4.   Beware the asterisk.  Here are just some of things that can throw a wrench into your sleep training that books/blogs/bragging mama’s like to omit: 4 month sleep regressions, growth spurts at 3, 6, and 9 months, cluster feeding,  teething, acid reflux, etc.  Feel free to google any of these items.  If I weren’t exhausted, it would be laughable.  Almost all of these things say that it could take several weeks (meaning nearly a month) for your child to go back to his normal sleeping schedule when dealing with one of these issues.  For example, my son who was sleeping through the night at 8 weeks (I’m rolling my eyes but you can’t see me), but then he went through a 3 month growth spurt.  What does that mean?  He’s starving to death and wants to cluster feed – eating every 2 hours-ish.  He went back to normal schedule after a week or so, but then we went into the four month sleep regression, followed by the development of acid reflux, on the heels of teething…you get the picture.  I’d like to send out a big F*!K you to the ‘Sleeping Through the Night’ myth maker. 

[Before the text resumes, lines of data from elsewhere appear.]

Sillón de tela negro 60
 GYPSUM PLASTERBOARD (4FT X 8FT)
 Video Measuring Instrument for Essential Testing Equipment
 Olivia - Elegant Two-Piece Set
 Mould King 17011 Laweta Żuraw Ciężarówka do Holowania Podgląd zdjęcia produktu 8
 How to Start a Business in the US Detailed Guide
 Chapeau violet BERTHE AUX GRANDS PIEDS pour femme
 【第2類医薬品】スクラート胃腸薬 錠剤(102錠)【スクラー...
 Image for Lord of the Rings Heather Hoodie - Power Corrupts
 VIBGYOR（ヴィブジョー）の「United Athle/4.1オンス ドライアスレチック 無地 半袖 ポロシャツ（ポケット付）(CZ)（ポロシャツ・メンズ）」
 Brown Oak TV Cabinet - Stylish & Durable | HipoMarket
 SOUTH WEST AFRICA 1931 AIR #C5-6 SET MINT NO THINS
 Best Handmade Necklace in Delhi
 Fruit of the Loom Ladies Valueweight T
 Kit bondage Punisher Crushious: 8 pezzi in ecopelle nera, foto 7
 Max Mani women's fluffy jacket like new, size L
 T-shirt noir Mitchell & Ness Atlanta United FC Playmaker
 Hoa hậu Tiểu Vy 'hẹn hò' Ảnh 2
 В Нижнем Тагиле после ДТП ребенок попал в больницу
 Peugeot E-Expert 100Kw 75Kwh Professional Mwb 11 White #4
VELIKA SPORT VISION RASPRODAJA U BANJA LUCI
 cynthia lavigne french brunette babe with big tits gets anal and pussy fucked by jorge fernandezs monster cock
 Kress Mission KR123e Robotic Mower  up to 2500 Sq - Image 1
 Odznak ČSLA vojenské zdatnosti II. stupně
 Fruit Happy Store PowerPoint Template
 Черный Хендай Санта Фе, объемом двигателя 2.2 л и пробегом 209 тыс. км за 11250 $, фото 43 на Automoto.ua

3.    Beware the advice givers.  If one more person tells me that Teddy would sleep through the night if I put rice cereal in his bottle, fed him more, held him more, held him less, I swear to God I’m going to head butt them.  It’s not like I’m walking into the nursery at 3 am banging pots and pans.  I actually want him to sleep.  Most mothers (at least this one) are dealing with information overload, lack of sleep, and a generation gap.  Some tried and true methods of 30 years ago are still golden and some things were ridiculous.  Odds are if you are giving advice, the new mom has already heard it at least 10 times.  Unless she asks for help…zip it.  (I understand this is nearly impossible but we should all at least try.)  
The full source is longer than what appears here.